* WHAT THE TASK ASKS: Leave the pictures out and return every line below exactly.

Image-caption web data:
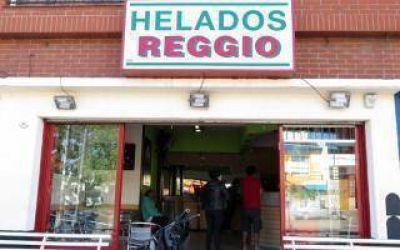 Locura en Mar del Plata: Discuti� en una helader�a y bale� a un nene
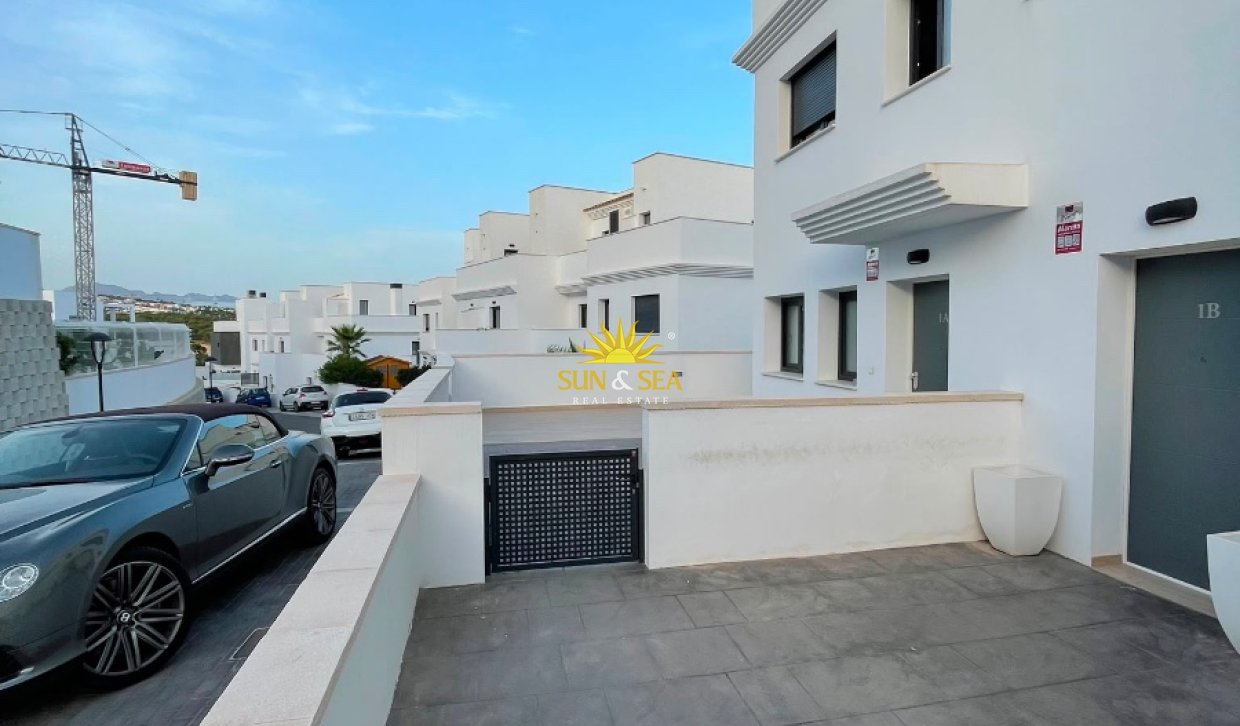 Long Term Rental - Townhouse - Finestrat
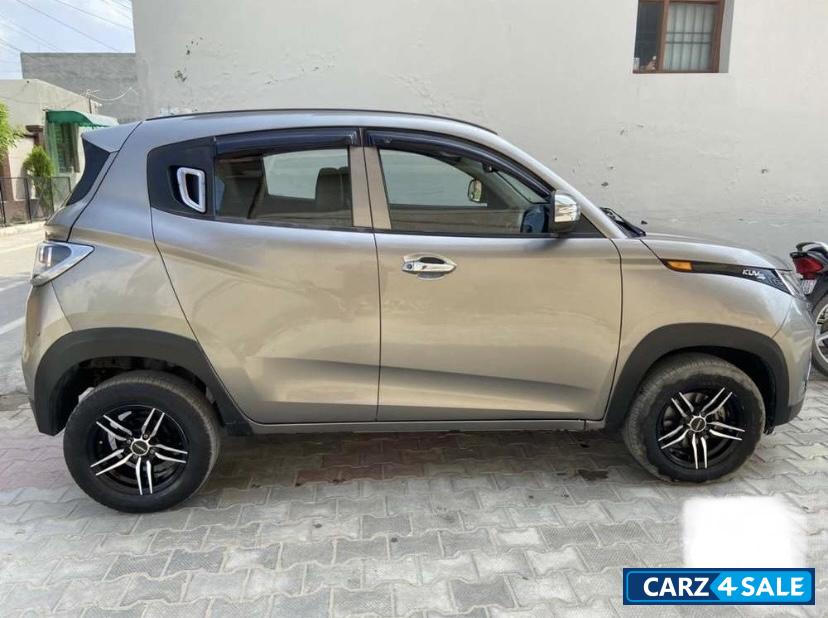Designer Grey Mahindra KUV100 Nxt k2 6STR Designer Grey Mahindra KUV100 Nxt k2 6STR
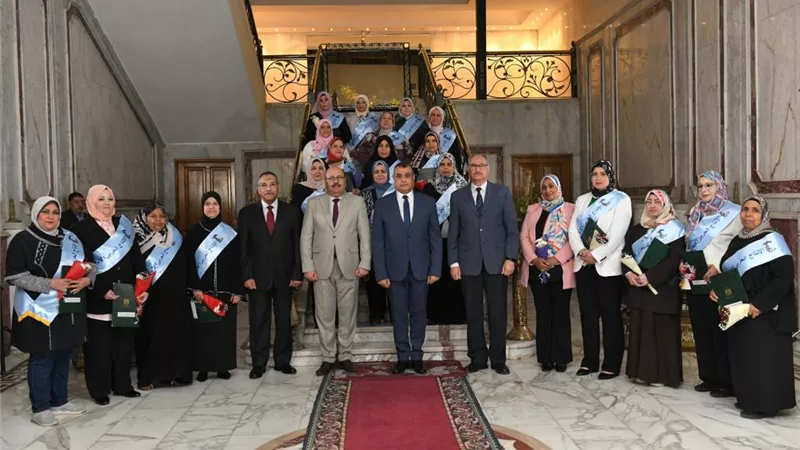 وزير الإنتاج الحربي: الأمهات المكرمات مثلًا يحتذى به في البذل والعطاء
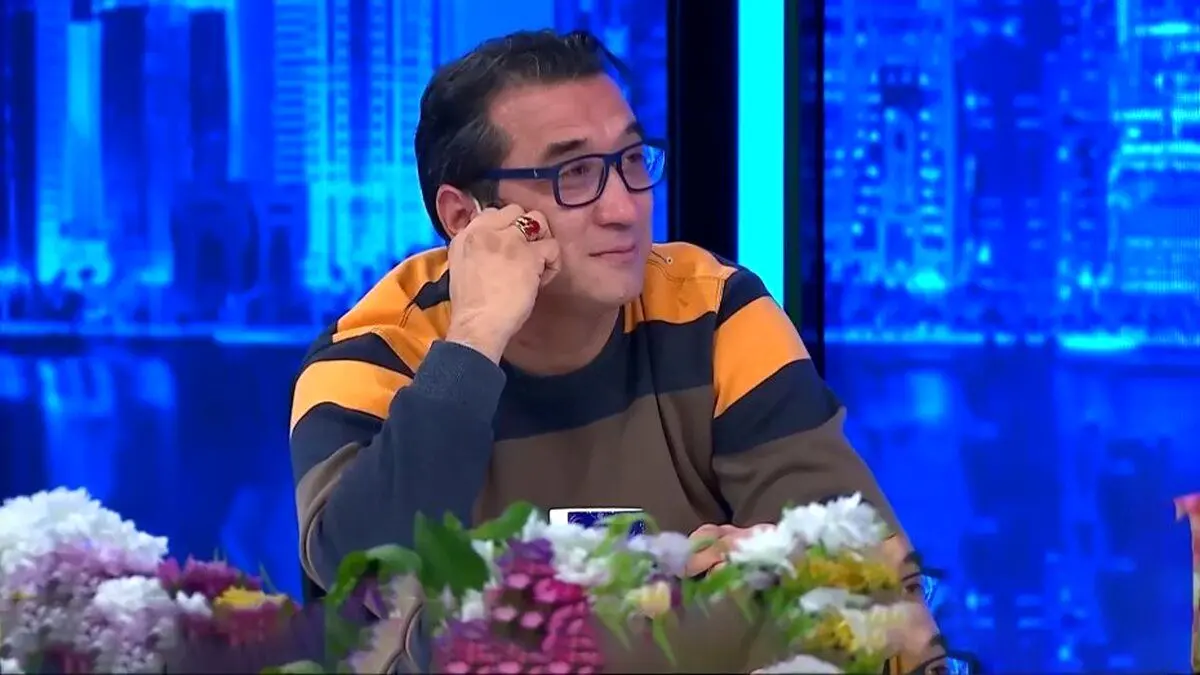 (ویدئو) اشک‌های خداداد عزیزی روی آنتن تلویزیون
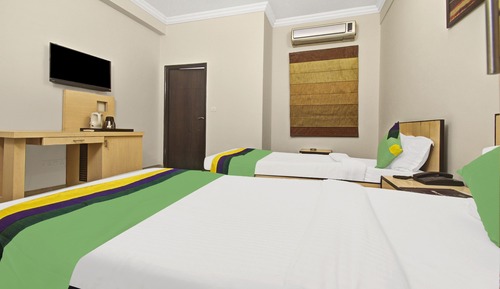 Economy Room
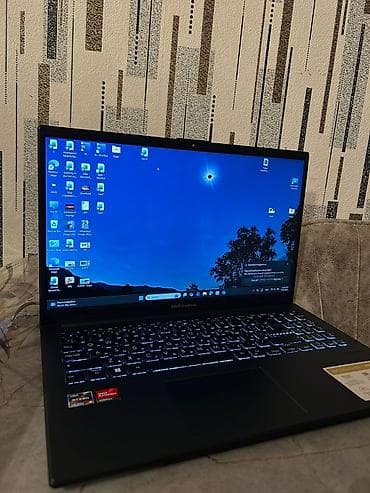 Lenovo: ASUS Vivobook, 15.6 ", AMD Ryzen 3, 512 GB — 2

* EXERCISE SOLUTION:
 Locura en Mar del Plata: Discuti� en una helader�a y bale� a un nene
 Long Term Rental - Townhouse - Finestrat
Designer Grey Mahindra KUV100 Nxt k2 6STR Designer Grey Mahindra KUV100 Nxt k2 6STR
 وزير الإنتاج الحربي: الأمهات المكرمات مثلًا يحتذى به في البذل والعطاء
 (ویدئو) اشک‌های خداداد عزیزی روی آنتن تلویزیون
 Economy Room
 Lenovo: ASUS Vivobook, 15.6 ", AMD Ryzen 3, 512 GB — 2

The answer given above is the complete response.